Três pessoas que ajuizaram ação contra o Distrito Federal serão indenizadas em R$ 10 mil cada uma. Os autores afirmam que policiais civis, sem mandado judicial, invadiram uma residência e um comércio que funciona no mesmo local, em busca de drogas. Os moradores e um cliente da mercearia acusam os policiais de ameaça e agressão durante a abordagem. A polícia alega que a ação policial ocorreu em virtude de uma denúncia anônima que apontava o endereço como ponto de tráfico. A decisão é do juiz da 4ª Vara da Fazenda Pública e cabe recurso.
De acordo com o processo, a residência dos autores que também funciona uma mercearia, foi invadida no dia 25 de agosto de 2005, por volta das 8h30, por policiais civis fortemente armados. Durante a ação da polícia, um homem encapuzado foi conduzido para o interior da moradia e espancado na tentativa de identificar o local onde drogas poderiam estar escondidas.
Relatam que os moradores da casa e clientes da mercearia ficaram surpreendidos com a violência utilizada pelos policiais. Esclarecem que todos que estavam no local foram revistados e uma adolescente que dormia no momento da abordagem foi acordada sob a mira de uma arma.

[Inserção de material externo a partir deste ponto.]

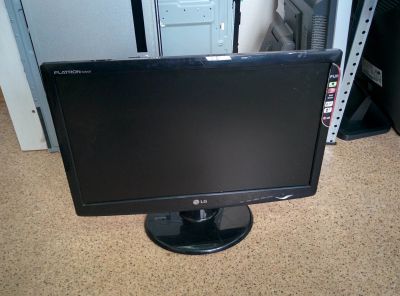 Лот: 11682606. Фото: 1. Монитор LG W2043t. ЖК-мониторы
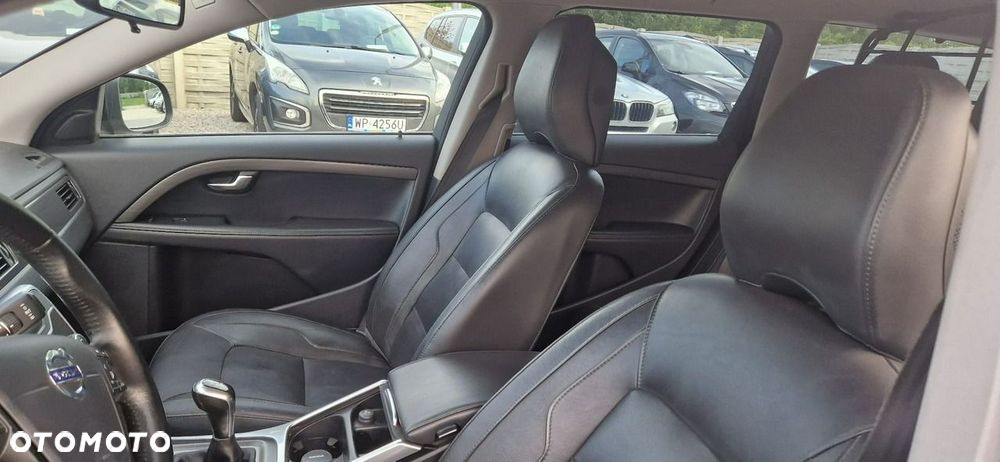 Volvo V70 D2 Drive-E Momentum - 22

O Distrito Federal se defendeu alegando que não foi possível identificar os responsáveis pelas agressões e que não houve comprovações contra a conduta praticada pelos policiais. Apontam pela inexistência de danos morais aos autores que não conseguiram demonstrar a ocorrência de constrangimento, dor, vexame ou humilhação que foram denunciadas.
Para o juiz, relatos de testemunhas e documentos juntados ao processo deixam claro que a ação foi realizada por policiais da 10ª Delegacia de Polícia do DF sem mandado judicial para revistar a residência e o estabelecimento comercial. De acordo com o julgador, não há justificativa para o abuso, mesmo com a denúncia de que o comércio seria ponto de venda de drogas.
Para decidir o magistrado buscou fundamentos na Carta Magna ao destacar o art. 37, §6º da Constituição Federal: “A teoria do risco administrativo, segundo a qual a responsabilidade do Estado está fundada no risco da atividade administrativa, devendo indenizar, independentemente da demonstração de dolo ou culpa, os danos sofridos pelo particular que decorram da atividade estatal” conclui.